Posted On: 2021-08-23
Last week I announced a change to the blog's schedule. This change is something I've wanted to do for a while, but I hesitated to do so until I'd pinned down exactly how to make it work. In light of this, I thought today's post should be an exploration of reasons for this change, as well as my strategy for how to make the most of it.
The first and most important reason for the change is that I want to make sure that I am consistently posting high-quality material. Central to that goal is writing posts with enough lead time that I can make revisions without running into the deadline. Up until now, I have largely written these posts the day they go live, so I often found myself working well into the evening, desperately hoping that it would technically still be Monday somewhere in the world by the time I finished. Unfortunately, there have been a few posts where even that was not enough - posts where I found myself deciding whether to post something I wasn't proud of, or post nothing at all.
Changing to a two-week schedule will improve this situation specifically because I am not changing the frequency with which I write these posts. Initially there may be some awkwardness as I adjust to the new process, but the goal of this change is use the momentum of generating weekly posts to (finally) create a buffer of content. Over time, this buffer should create opportunities to revise/cut posts well in advance of them going up on the site.

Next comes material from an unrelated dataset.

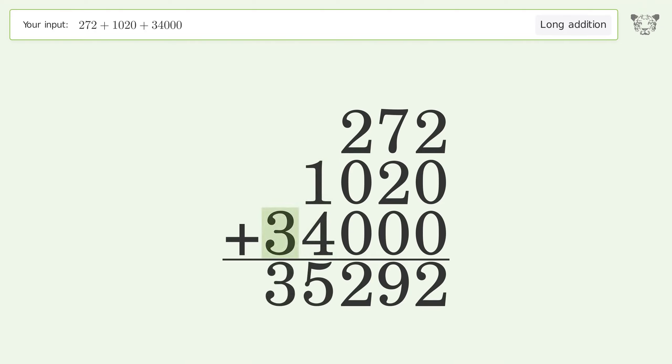Write 3 in the ten thousands place, and so the final result is 35292.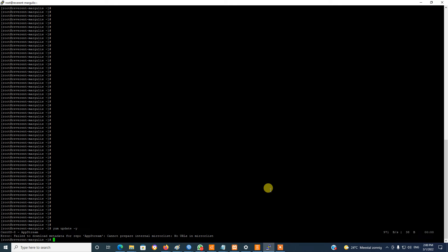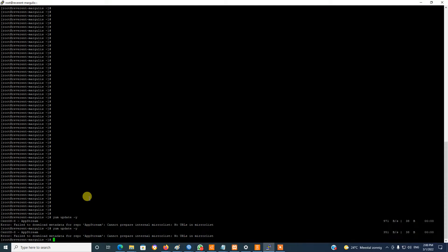Hello everyone. In this video I will solve this problem. The system cannot be updated when trying 'yum update'. It fails to download a new link in the mirror list. How to solve this problem?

As I've mentioned previously, writing a post on Monday has helped my project, particularly when I use it to document my plans or reflect on recent work. Since I wrote that, however, my process has changed: I typically pick my topic before Monday itself, so I generally do no actual planning on Mondays anymore. As such, writing on Mondays has become something of a detriment to my process - particularly so when I have unfinshed tasks from the previous workday. Once I've got a few posts in my buffer, I'd like to experiment with writing on different days, to see if there's any one that is as valuable to my process as Mondays were in the past.

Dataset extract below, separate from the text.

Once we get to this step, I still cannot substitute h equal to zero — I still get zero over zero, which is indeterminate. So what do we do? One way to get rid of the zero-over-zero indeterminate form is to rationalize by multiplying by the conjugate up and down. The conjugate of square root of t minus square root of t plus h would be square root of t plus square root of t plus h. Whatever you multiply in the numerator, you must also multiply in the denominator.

One of the key insights that enables this change is that (outside of announcements), there's no actual benefit to posting content as soon as I write it. For the past three years, I've largely assumed that posting temporally accurate content (that is, when "last week" literally means last week) benefits you, the reader. This assumption was the main reason why I wrote most content the same day it went live, but, in hindsight, there was no real basis for it. While I am loathe to write and post precise temporal statements that are inaccurate*, I have little reason to be quite so precise. I've already leveraged terms like "recently" to hand-wave exactly when things happened - and, once I'm using a buffer, I expect such vague terms will be easier both for readers and myself.
Although I currently plan to write entries more often than they are actually posted, that won't need to go on forever. Eventually, I should have a large enough buffer to repurpose some of that time, and use it for other tasks. While I have plenty I'd like to do with this time, it's important that I don't plan out the details of this now: it will likely be several months before I have enough posts to completely switch over*.

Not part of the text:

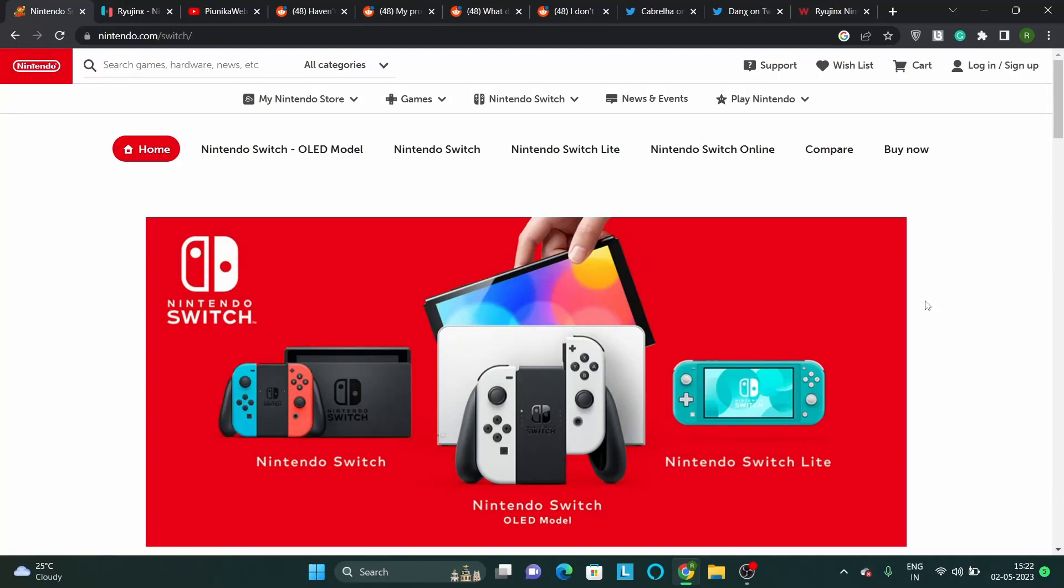Nintendo Switch is one of the most popular gaming consoles in the world, offering players a unique hybrid gaming experience.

It's been a long time coming, but I've finally figured out how best to change my posting schedule. Bi-weekly posts while still authoring on a weekly basis should finally start to build a buffer, and that buffer will provide the flexibility to reschedule the actual writing process itself. Eventually, a full buffer will enable additional benefits, but I don't want to get too far ahead of myself in this plan - for now, it is essential that I maintain the current pace of authoring - even if it takes a bit more time before you see it.